Citizenship and Its Discontents explores a century of contestations over citizenship from the colonial period to the present, analysing evolving conceptions of citizenship as legal status, as rights, and as identity.
The early optimism that a new India could be fashioned out of an unequal and diverse society led to a formally inclusive legal membership, an impulse to social and economic rights, and group-differentiated citizenship. Today, these policies to create a civic community of equals are losing support in a climate of social intolerance and weak solidarity.
Once seen by Western political scientists as an anomaly, India today is a site where every major theoretical debate about citizenship is being enacted in practice, and one that no global discussion of the subject can afford to ignore.
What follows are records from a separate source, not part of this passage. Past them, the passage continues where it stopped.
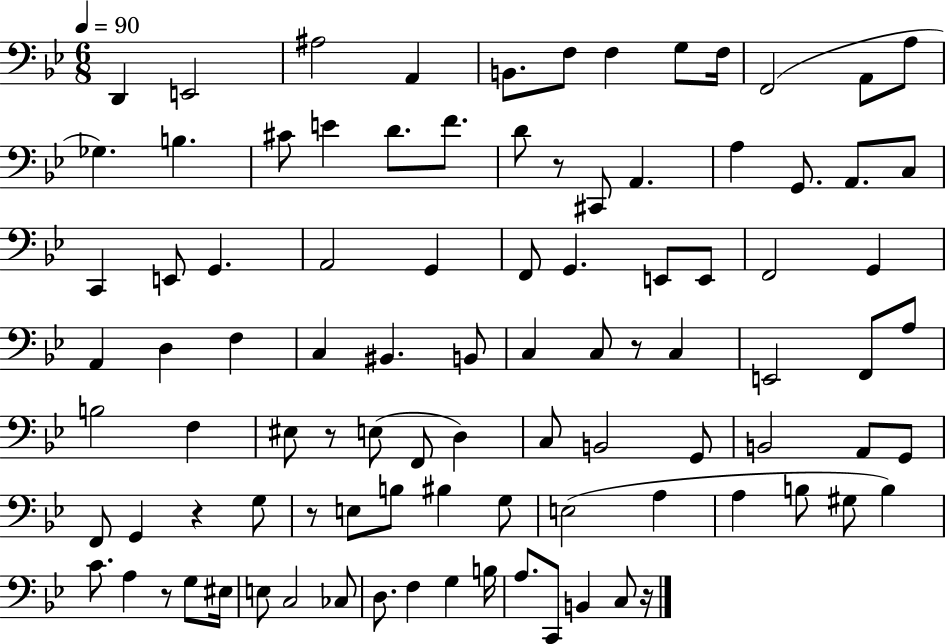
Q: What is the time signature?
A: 6/8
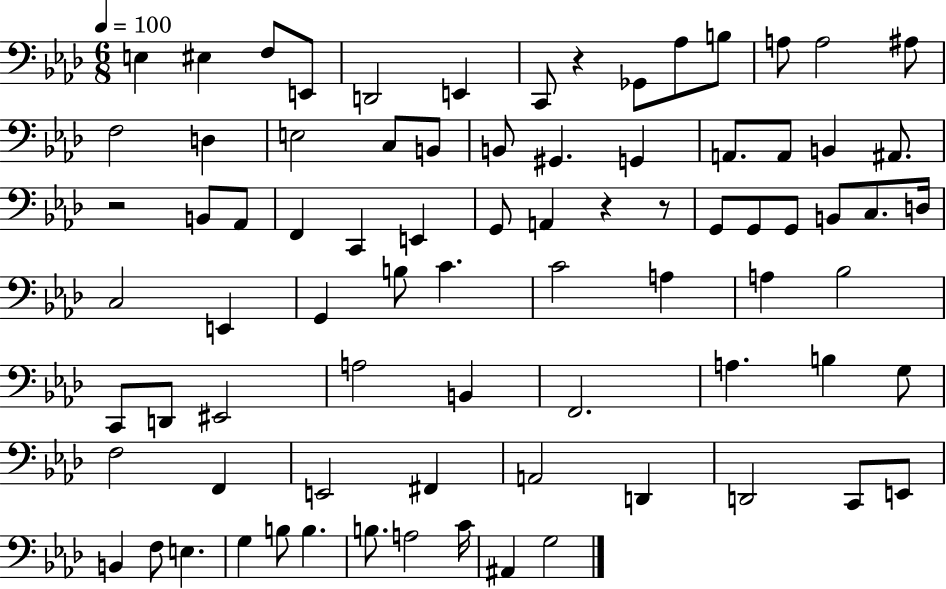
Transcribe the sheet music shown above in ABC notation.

X:1
T:Untitled
M:6/8
L:1/4
K:Ab
E, ^E, F,/2 E,,/2 D,,2 E,, C,,/2 z _G,,/2 _A,/2 B,/2 A,/2 A,2 ^A,/2 F,2 D, E,2 C,/2 B,,/2 B,,/2 ^G,, G,, A,,/2 A,,/2 B,, ^A,,/2 z2 B,,/2 _A,,/2 F,, C,, E,, G,,/2 A,, z z/2 G,,/2 G,,/2 G,,/2 B,,/2 C,/2 D,/4 C,2 E,, G,, B,/2 C C2 A, A, _B,2 C,,/2 D,,/2 ^E,,2 A,2 B,, F,,2 A, B, G,/2 F,2 F,, E,,2 ^F,, A,,2 D,, D,,2 C,,/2 E,,/2 B,, F,/2 E, G, B,/2 B, B,/2 A,2 C/4 ^A,, G,2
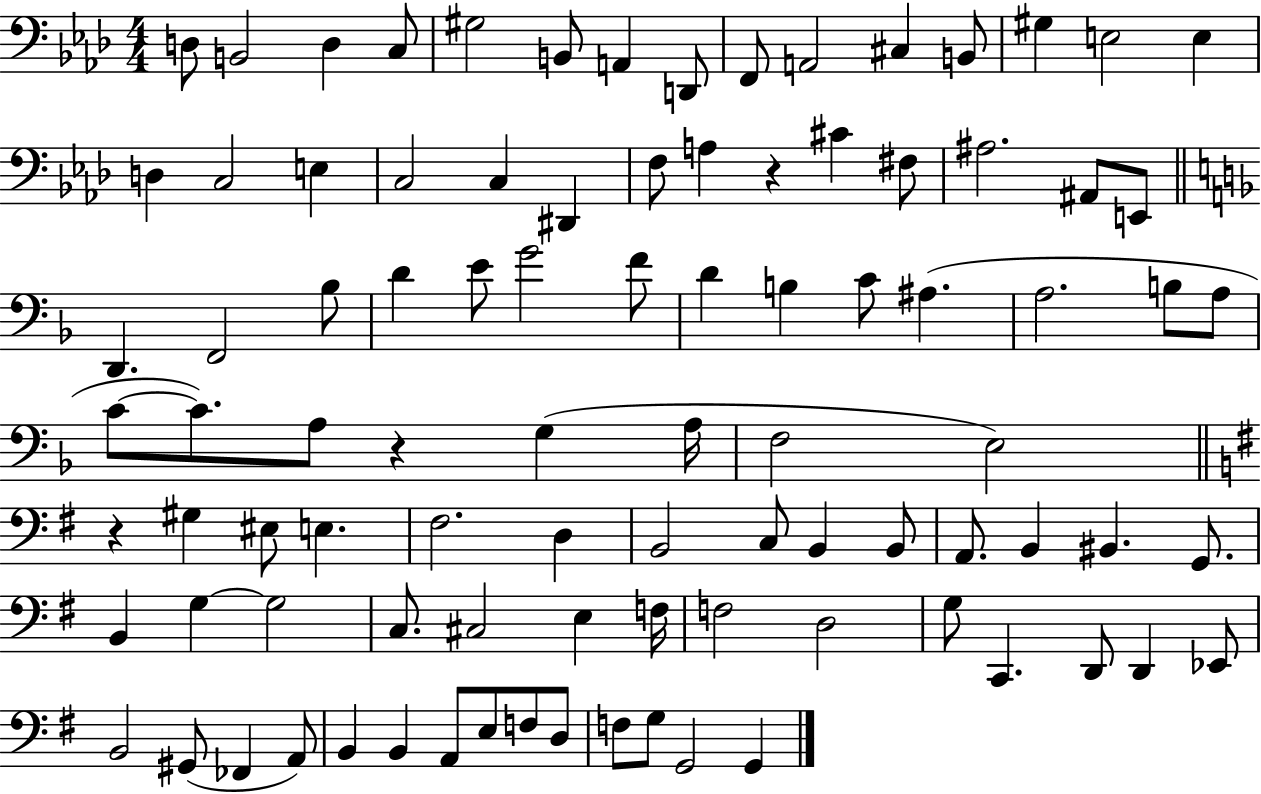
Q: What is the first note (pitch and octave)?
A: D3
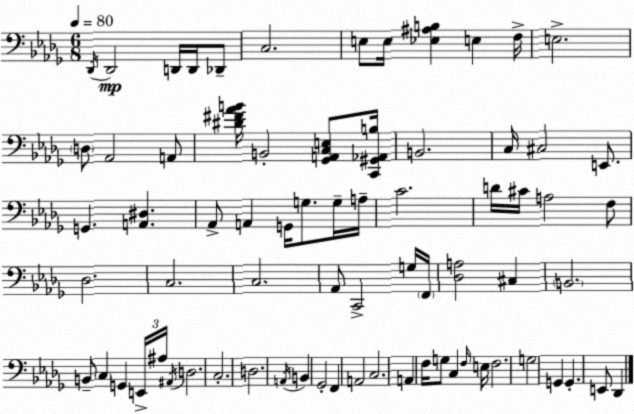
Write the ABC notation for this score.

X:1
T:Untitled
M:6/8
L:1/4
K:Bbm
_D,,/4 _D,,2 D,,/4 D,,/4 _D,,/2 C,2 E,/2 E,/4 [_E,^A,B,] E, F,/4 E,2 D,/2 _A,,2 A,,/2 [^D^F_AB]/4 B,,2 [_G,,A,,C,E,]/2 [C,,^G,,_A,,B,]/4 B,,2 C,/4 ^C,2 E,,/2 G,, [A,,^D,] _A,,/2 A,, G,,/4 G,/2 G,/4 A,/4 C2 D/4 ^C/4 A,2 F,/2 _D,2 C,2 C,2 _A,,/2 C,,2 G,/4 F,,/4 [_D,A,]2 ^C, B,,2 B,,/2 C, G,, E,,/4 ^A,/4 ^A,,/4 D,2 C,2 D,2 A,,/4 B,, _G,,2 F,, A,,2 C,2 A,, F,/4 G,/2 C, F,/4 E,/4 F,2 G,2 G,, G,, E,,/2 _D,,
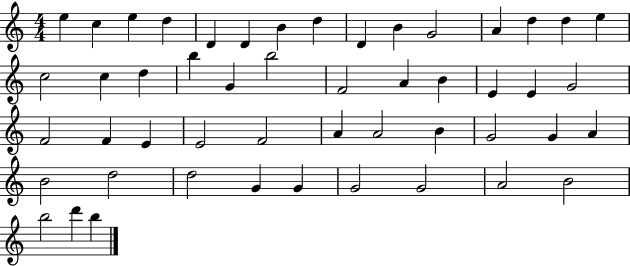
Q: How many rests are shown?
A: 0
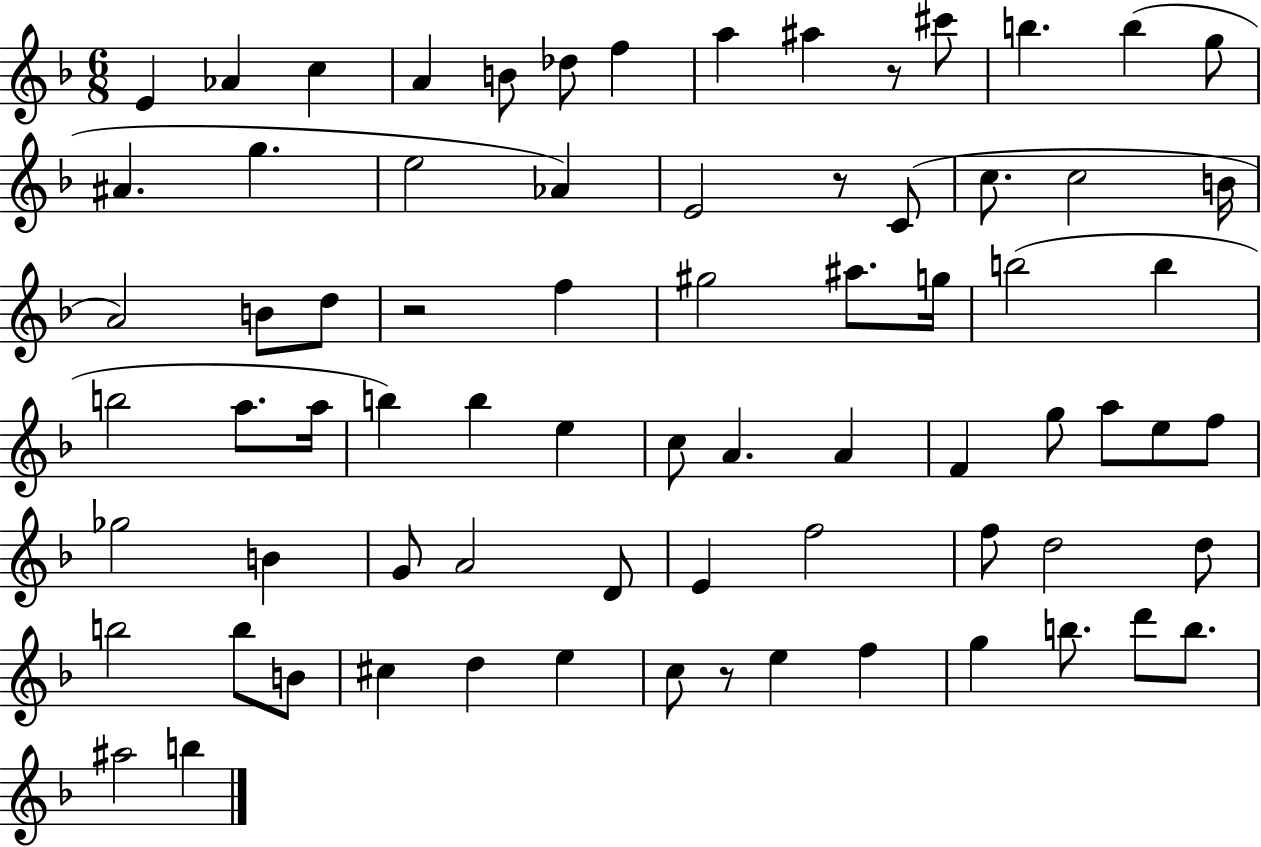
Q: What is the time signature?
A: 6/8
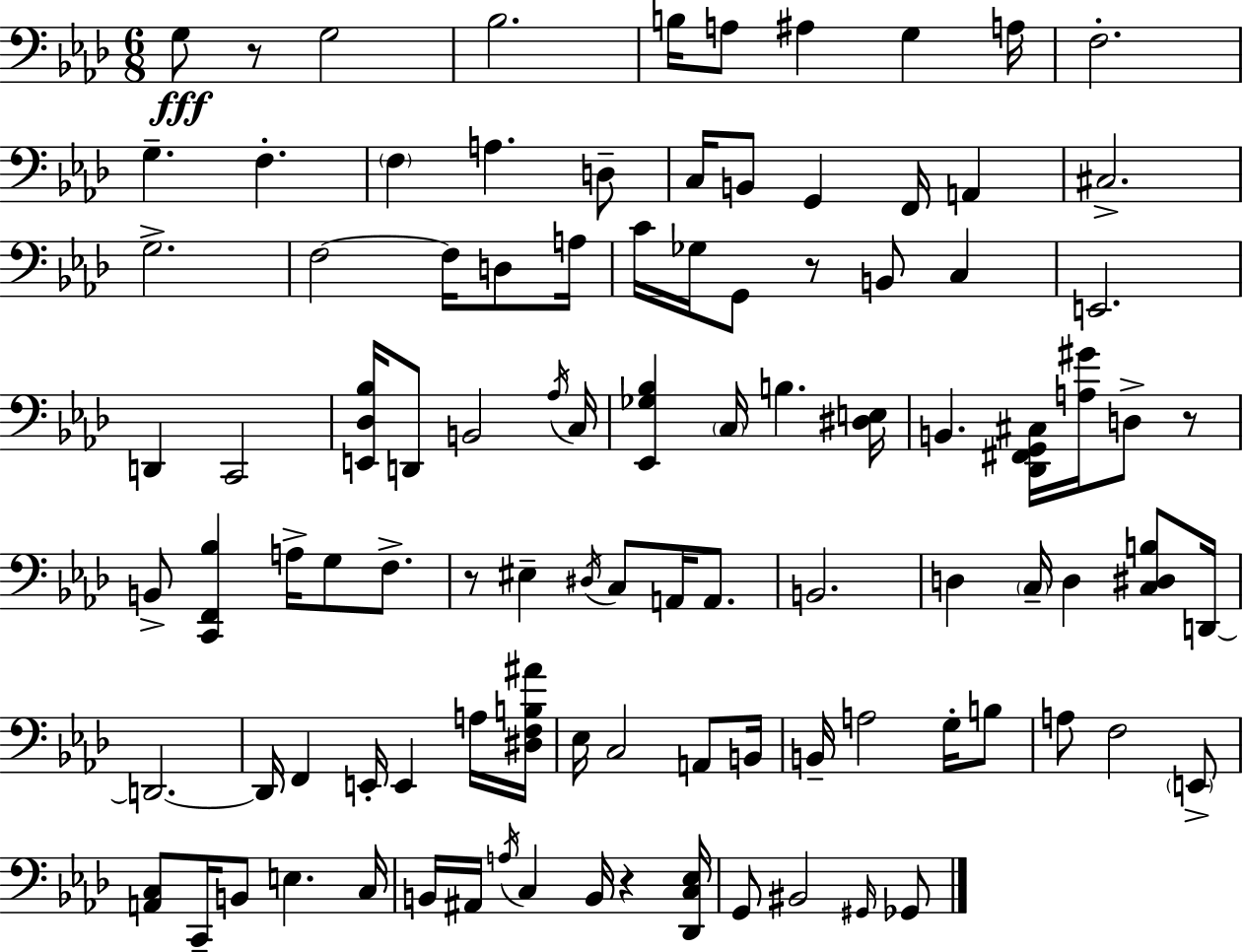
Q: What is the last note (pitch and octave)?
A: Gb2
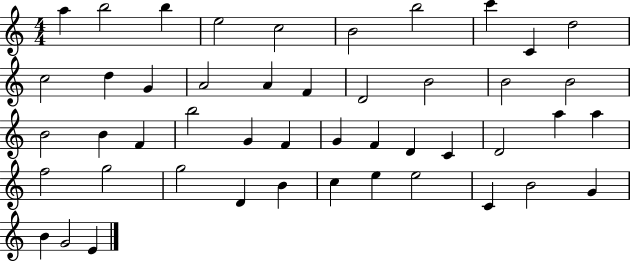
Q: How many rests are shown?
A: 0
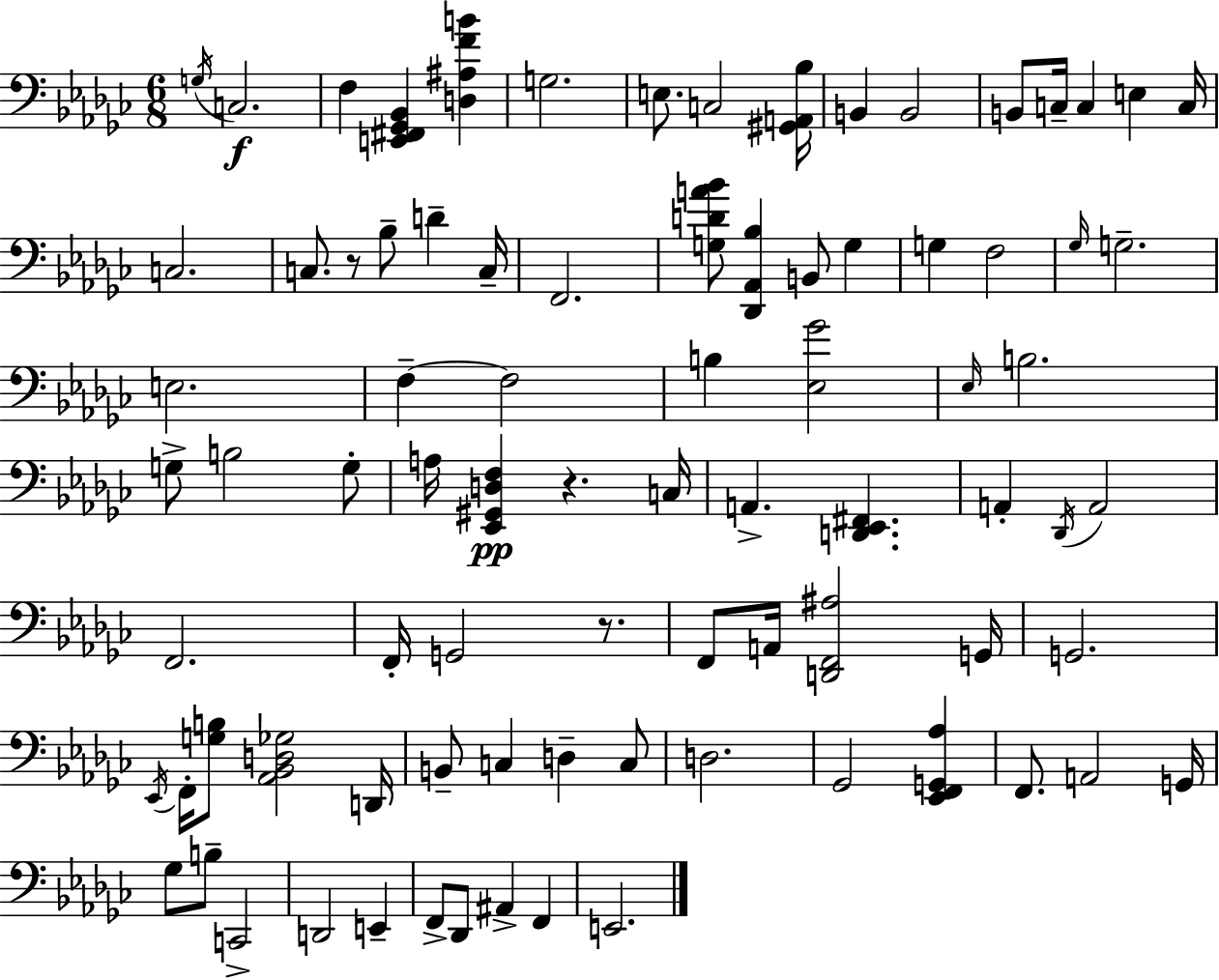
G3/s C3/h. F3/q [E2,F#2,Gb2,Bb2]/q [D3,A#3,F4,B4]/q G3/h. E3/e. C3/h [G#2,A2,Bb3]/s B2/q B2/h B2/e C3/s C3/q E3/q C3/s C3/h. C3/e. R/e Bb3/e D4/q C3/s F2/h. [G3,D4,A4,Bb4]/e [Db2,Ab2,Bb3]/q B2/e G3/q G3/q F3/h Gb3/s G3/h. E3/h. F3/q F3/h B3/q [Eb3,Gb4]/h Eb3/s B3/h. G3/e B3/h G3/e A3/s [Eb2,G#2,D3,F3]/q R/q. C3/s A2/q. [D2,Eb2,F#2]/q. A2/q Db2/s A2/h F2/h. F2/s G2/h R/e. F2/e A2/s [D2,F2,A#3]/h G2/s G2/h. Eb2/s F2/s [G3,B3]/e [Ab2,Bb2,D3,Gb3]/h D2/s B2/e C3/q D3/q C3/e D3/h. Gb2/h [Eb2,F2,G2,Ab3]/q F2/e. A2/h G2/s Gb3/e B3/e C2/h D2/h E2/q F2/e Db2/e A#2/q F2/q E2/h.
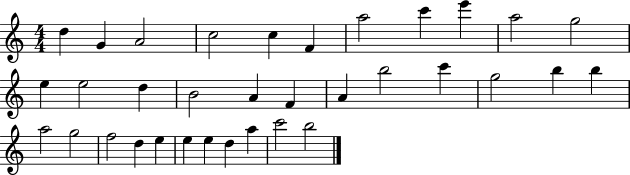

Niraja Gopal Jayal is Professor at the Centre for the Study of Law and Governance at JNU, New Delhi.
“The idea of citizenship in India promised inclusive community, but the country's enlivened politics have transformed that promise into a more fragmentary, divisive reality. In this magisterial analytic history, Niraja Gopal Jayal maps for the first time the concept's vicissitudes, and makes an essential contribution to our understanding of contemporary India and of political theory.”
—Sunil Khilnani, King’s India Institute
“A contribution to our understanding of citizenship and democracy in India that is empirically rich and theoretically sophisticated.”